Kepopuleran Kartini sebagai penggerak emansipasi wanita Indonesia
dimungkinkan terjadi akibat adanya dukungan dari pihak Belanda yang
sengaja ingin menciptakan perpecahan serta pertentangan sebagai taktik
untuk melemahkan semangat pemberontakan nasional.
Frontalnya Ahli
sosial dari Universitas Indonesia mengatakan bahwa Kartini adalah
seorang wanita yang putus asa, yang hanya menulis surat berisi
curhat-curhatan pada salah seorang sahabatnya di Belanda, kemudian
suratnya kebetulan dibukukan oleh seorang berkebangsaan Belanda dan
disebar luaskan di Indonesia, maka diberilah gelar pahlawan emansipasi
perempuan yang sampai sekarang tidak ada yang pernah melihat dimana dan
bagaimana bentuk asli surat Kartini itu. Kembali pada putus asa,
seseorang dikatakan ada dalam keputus asaan ketika ia mau tapi ia tidak
mampu melakukan, tidak real fight atau melawan secara terang-terangan. Seorang Kartini hanya menulis tanpa memerangi penindasan yang ada.
Aneh
sekali jika seorang Susilo Bambang Yudhoyono (misalkan), menulis surat
dan ditujukan untuk salah seorang sahabatnya di luar negeri, lalu ia
berkeluh kesah tentang bagaimana carut-marut negaranya. curhat-curhatan,
tulis-menulis, balas-membalas surat, dan surat-surat itu dikumpulkan
oleh seseorang untuk kemudian dibukukan lalu ia diberi gelar "Pahlawan
Negara".
Sedangkan bagaimana dengan kabar Cut Nyak Dien yang
jelas-jelas ikut berperang mati-matian melawan Belanda pra kemerdekaan?
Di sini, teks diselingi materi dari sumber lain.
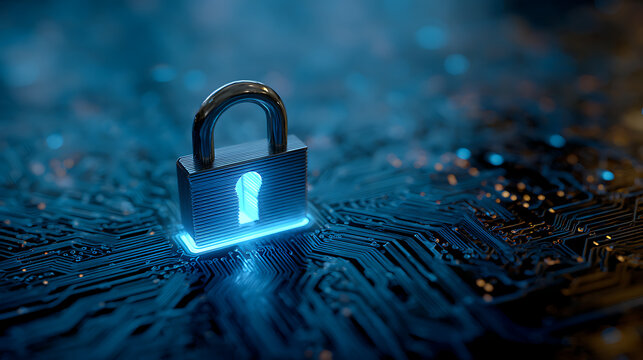 Glowing padlock secured on a digital circuit board security technology - Powered by Adobe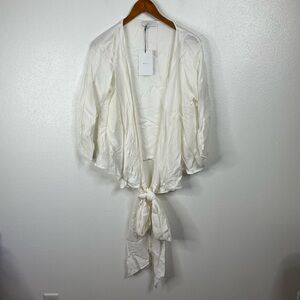 Boii Studios NWT White Tie Front Top Size Xsmall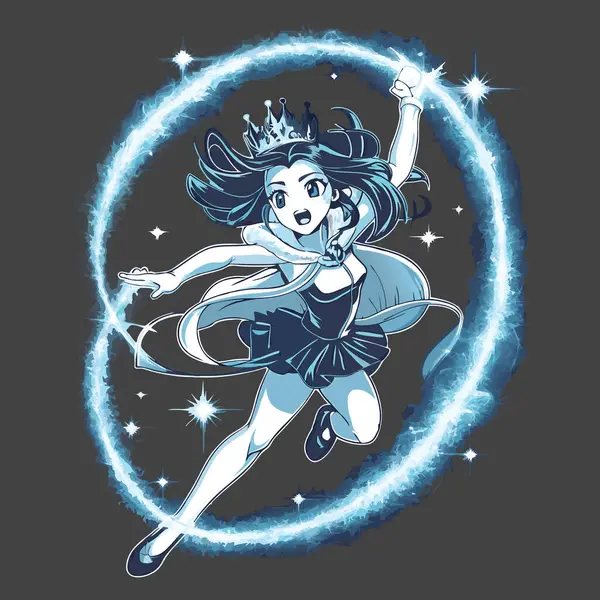 stock vector A cheerful princess with a crown and ballet-like shoes, surrounded by swirling lines and stars. The dark background contrasts with the light blue character, creating a magical and whimsical effect perfect for fantasy art lovers.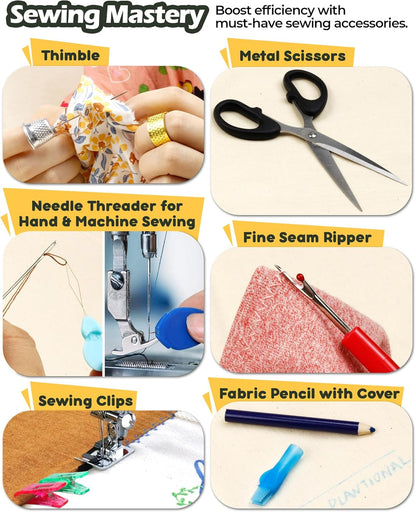 PLANTIONAL Upholstery Repair Sewing Kit, Heavy Duty Sewing Kit with Sewing Awl, Seam Ripper, Leather Hand Sewing/Stitching Needles, Sewing Thread for Car/Sofa/Backpack/Shoe, Craft DIY, 10 Color, 47Pc
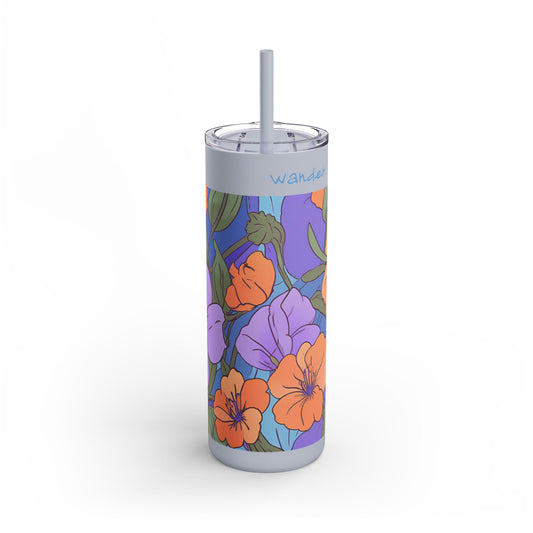 Poppies & Morning Glories Matte Tumbler | 20 oz. Insulated Tumbler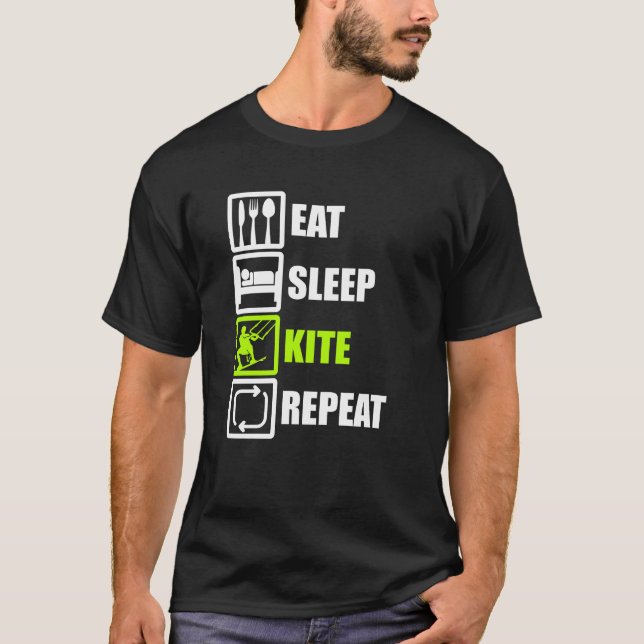 Camiseta Kitesurfing de Reprodução de KITE do EAP SLEEP (Frente)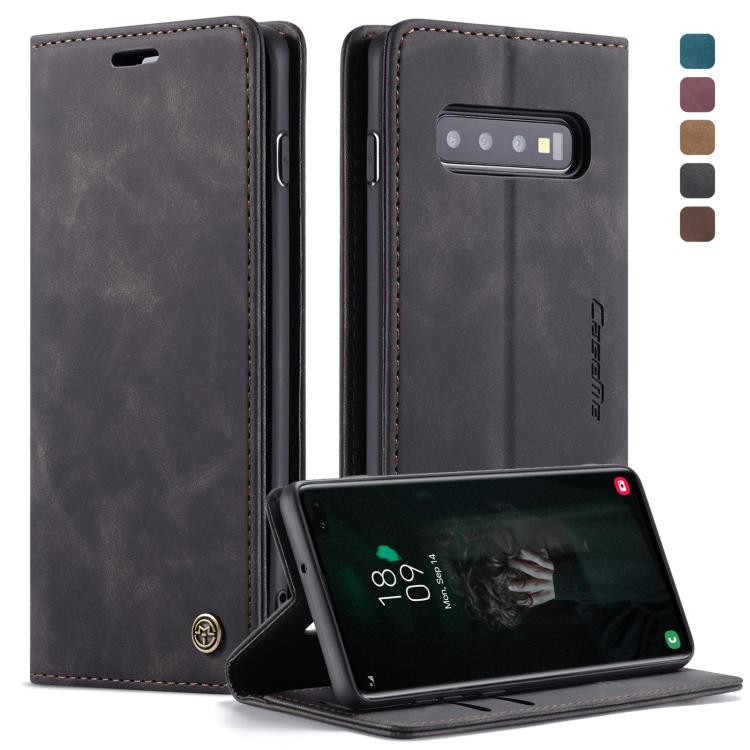 CaseMe-013 適用於Galaxy S10 Plus 多功能復古磨砂左右開皮套，帶支架&卡槽&錢包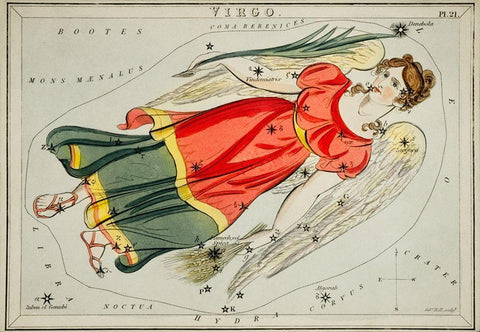 Astronomical chart illustration of the Virgo White Modern Wood Framed Art Print with Double Matting by Hall, Sidney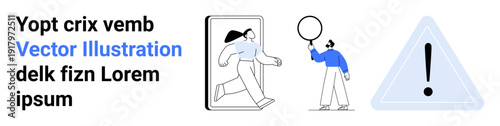 Woman stepping out of a frame, person holding a magnifying glass, and triangle with exclamation point. Ideal for search, alert, exploration, discovery, investigation, caution simple landing page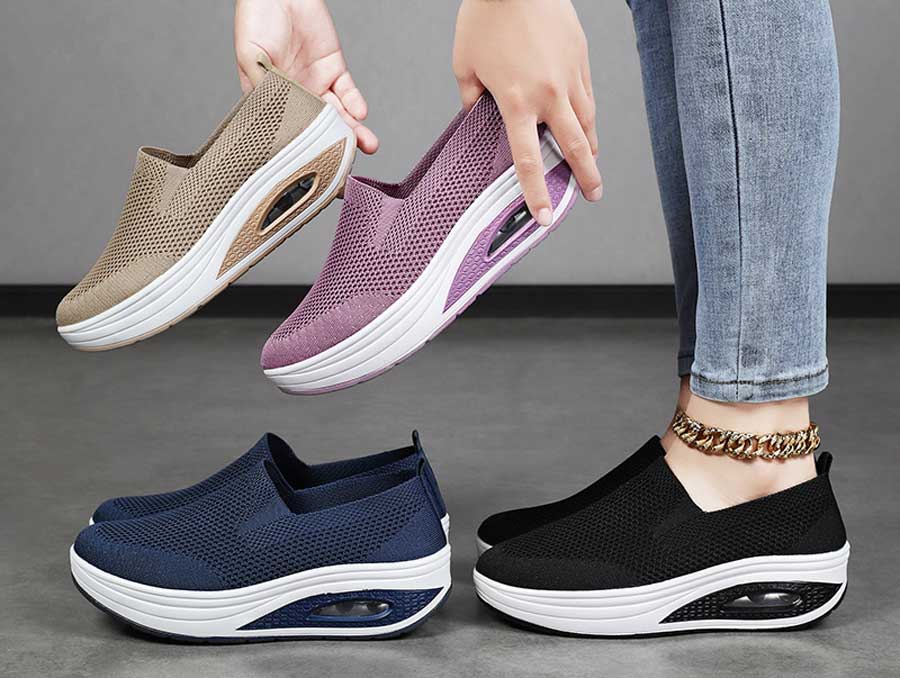 Women's flyknit pattern texture slip on rocker bottom shoe sneakers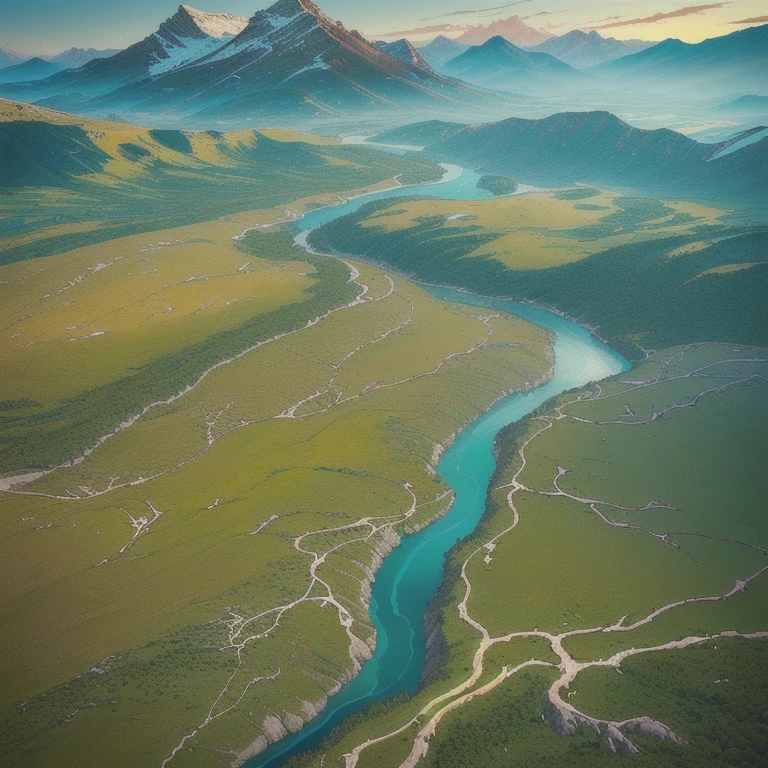 extremely detailed fantasy landscape, a vast plateau with the Minoan Kingdom, a large river below leading to the Marada Kingdom nestled within an expansive forest, twin mountains in the distance housing the Manfur Kingdom, and the distant Kingdom of Forests and Woodlands Zhion, dramatic lighting, cinematic, epic scale, highly detailed, vibrant colors, stunning vistas, masterpiece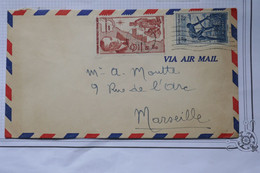 BE15 AOF  SENEGAL BELLE LETTRE  1948  PAR AVION  DAKAR   A  MARSEILLE FRANCE +PETIT CACHET  +AFFRANCH. INTERESSANT - Covers & Documents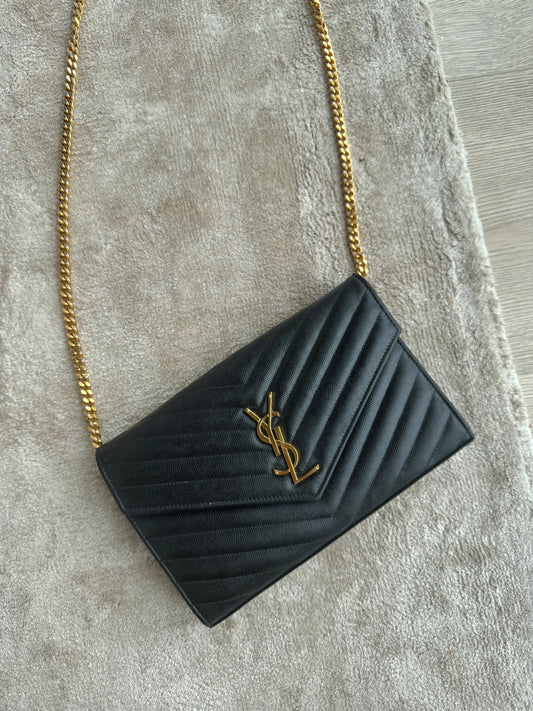 Saint Laurent Black Envelope crossbody Bag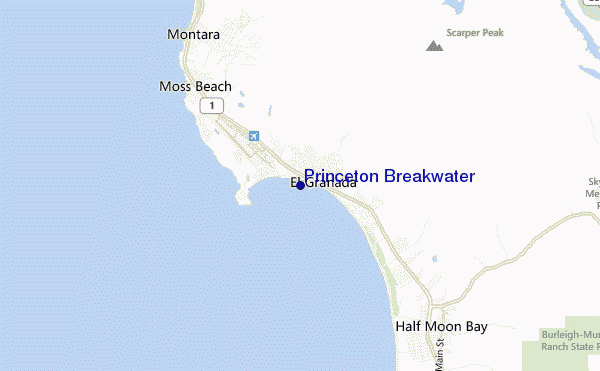 carte de localisation de Princeton Breakwater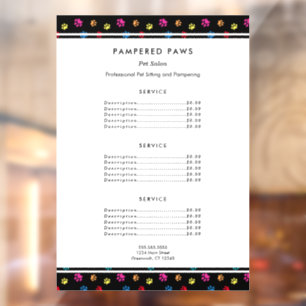 Colourful Paw Prints Professional Pet Salon Servic Window Cling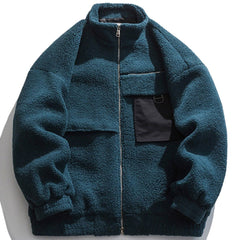 Sherpa-Wintermantel mit Taschendesign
Atau Martha Christina Tiahahu, Cut Muthia, Herlina Efendi, Putri
Ta’dampali dari istana kerajaan Luwu, Colli Pujie, Emmy Saelan, Sultanah
Seri Ratu Tajul Alam Safiatuddin Johan Berdaulat dari Aceh, Siti Aisyah
We Tenriolle dari Sulawesi Selatan yang mengukir prestasi spektakuler
sebagai the change of social agent? (bahkan siapa mereka pun rasanya tidak
pernah dibacakan guru, di buku manapun di SD saya dulu) alhasil jadilah anak negeri seperti
saya ini. Apatis, Pragmatis! Siapa itu kartini dan kenapa harus kartini yang menjadi
pahlawan emansipasi diantara puluhan bahkan jutaan perempuan negeri ini yang berjuang demi
penindasan? Barangkali anak SD juga perlu banyak-banyak baca buku dan searching E-book tentang kepahlawanan Indonesia, daripada hanya bergantung pada gurunya di sekolah.